### Source information
[Start of section]

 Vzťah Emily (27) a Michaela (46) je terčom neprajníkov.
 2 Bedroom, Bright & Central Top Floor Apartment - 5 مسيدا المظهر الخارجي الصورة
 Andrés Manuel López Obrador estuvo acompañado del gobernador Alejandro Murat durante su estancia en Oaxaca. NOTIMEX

[End of section]
[Start of section]

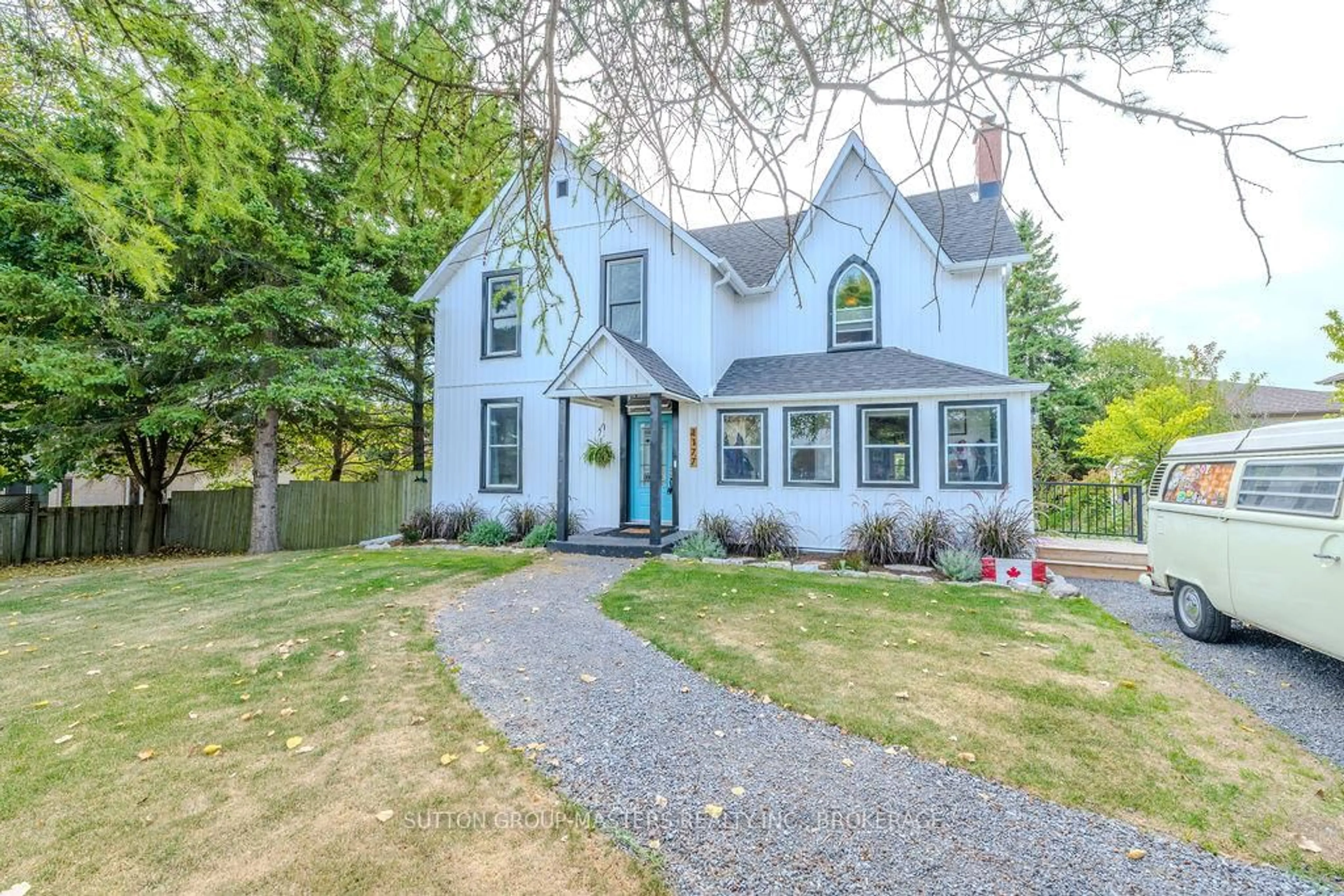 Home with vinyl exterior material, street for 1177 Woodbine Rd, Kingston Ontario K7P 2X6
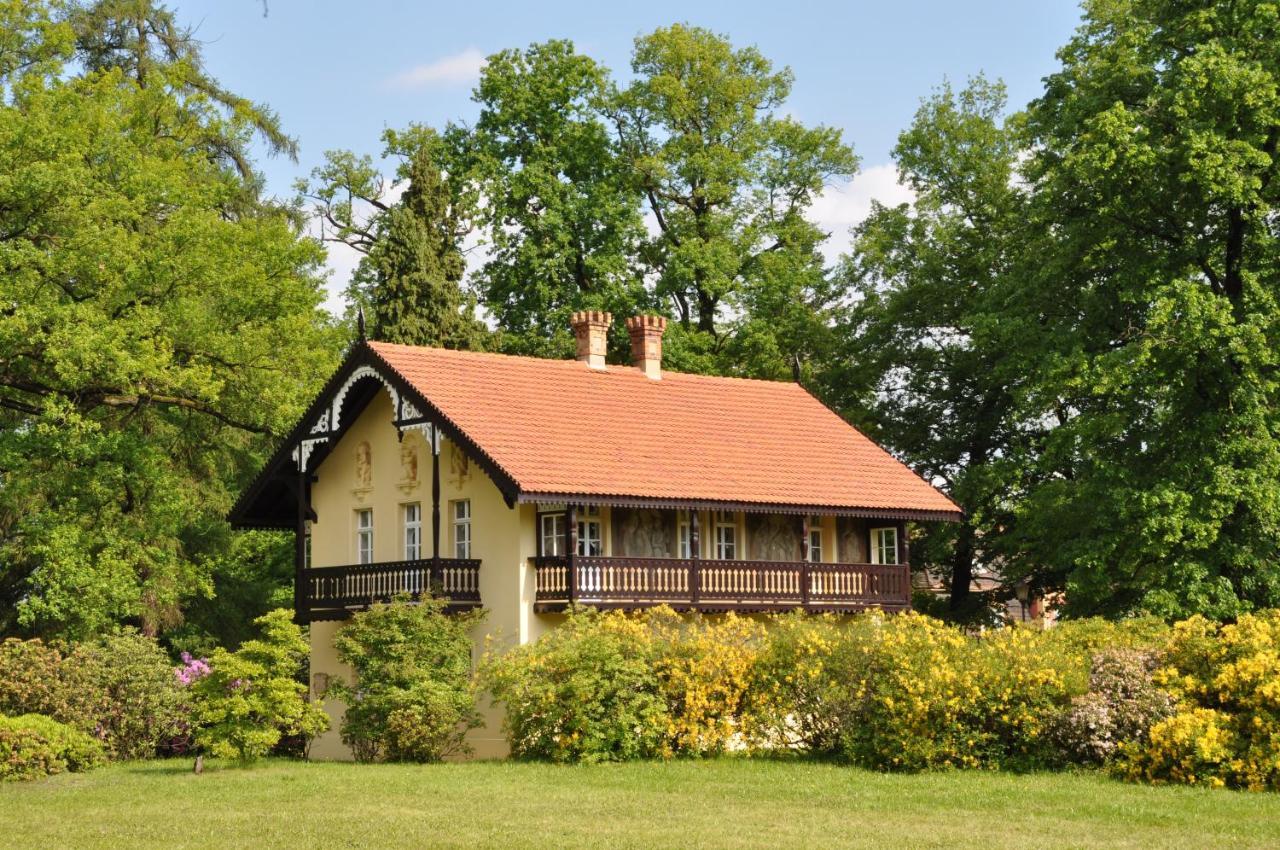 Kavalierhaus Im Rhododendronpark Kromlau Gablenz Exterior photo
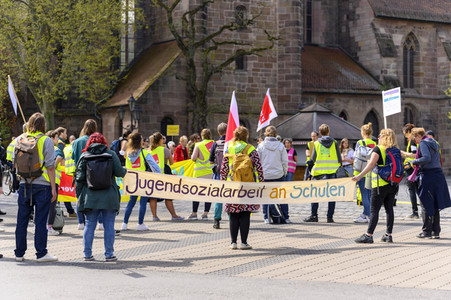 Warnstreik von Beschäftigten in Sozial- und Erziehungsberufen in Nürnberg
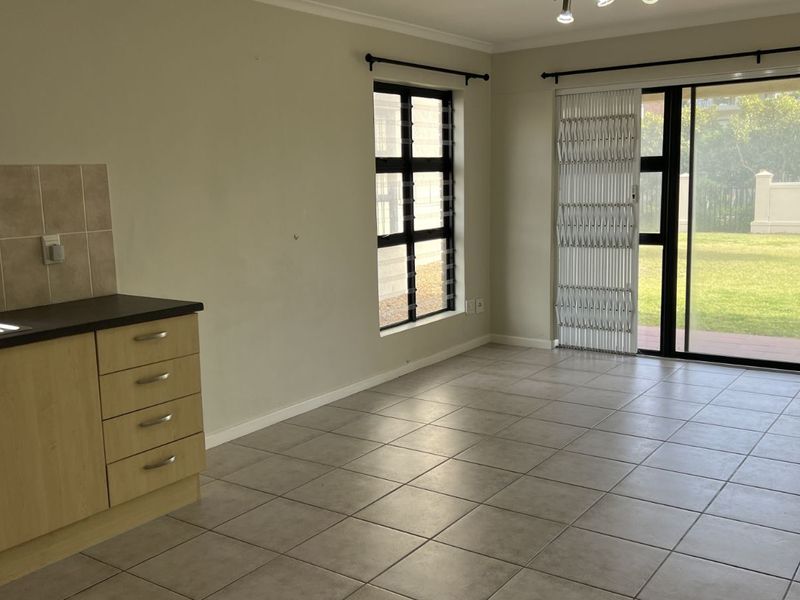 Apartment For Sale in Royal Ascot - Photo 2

[End of section]
[Start of section]

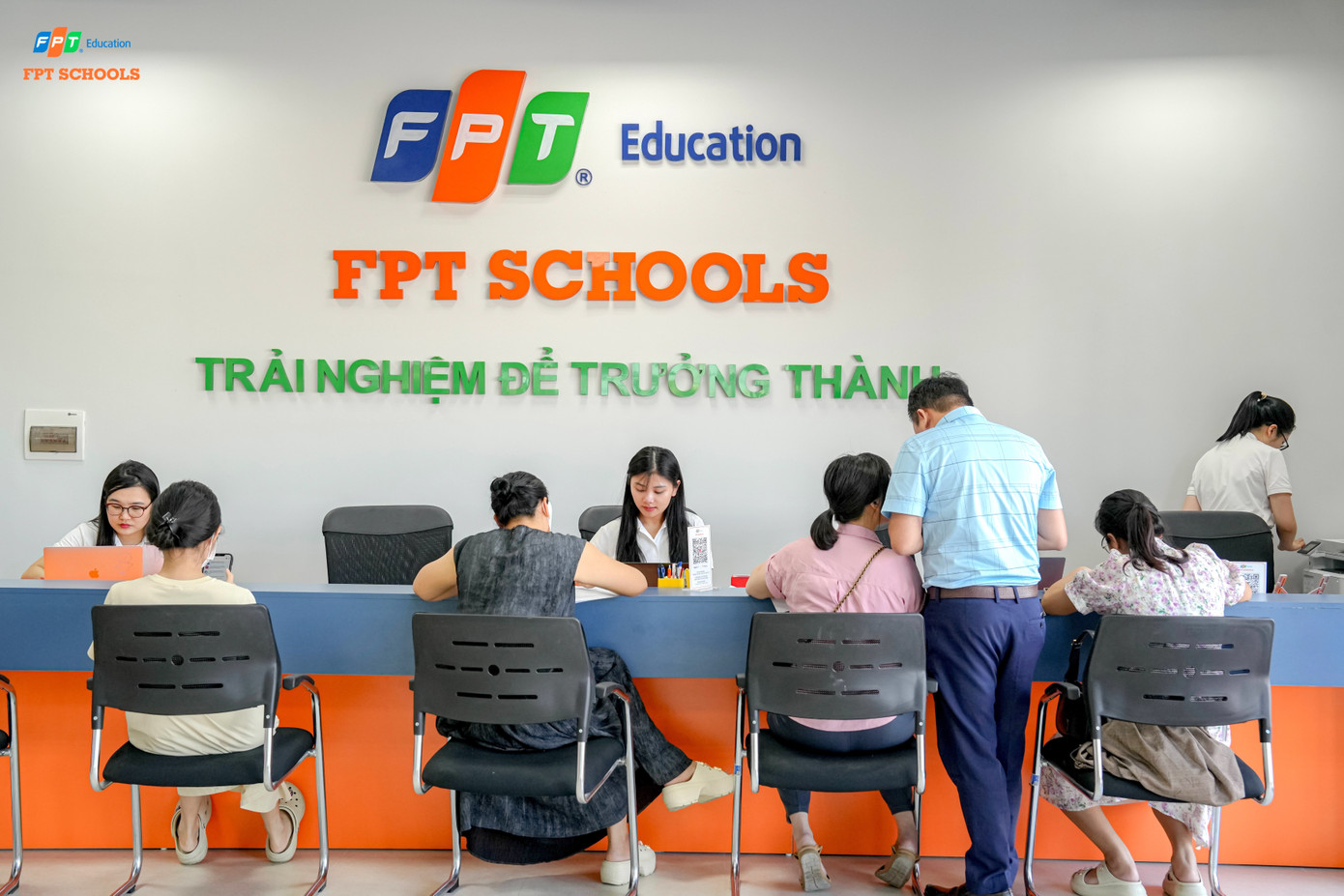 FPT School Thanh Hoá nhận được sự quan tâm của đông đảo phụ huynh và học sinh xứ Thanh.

[End of section]

### Your instructions
Starting with the line above that holds "Vzťah Emily (27)" and stopping with the line that holds "Andrés Manuel López", reproduce each line exactly, omitting all other lines.

### Output of the task
 Vzťah Emily (27) a Michaela (46) je terčom neprajníkov.
 2 Bedroom, Bright & Central Top Floor Apartment - 5 مسيدا المظهر الخارجي الصورة
 Andrés Manuel López Obrador estuvo acompañado del gobernador Alejandro Murat durante su estancia en Oaxaca. NOTIMEX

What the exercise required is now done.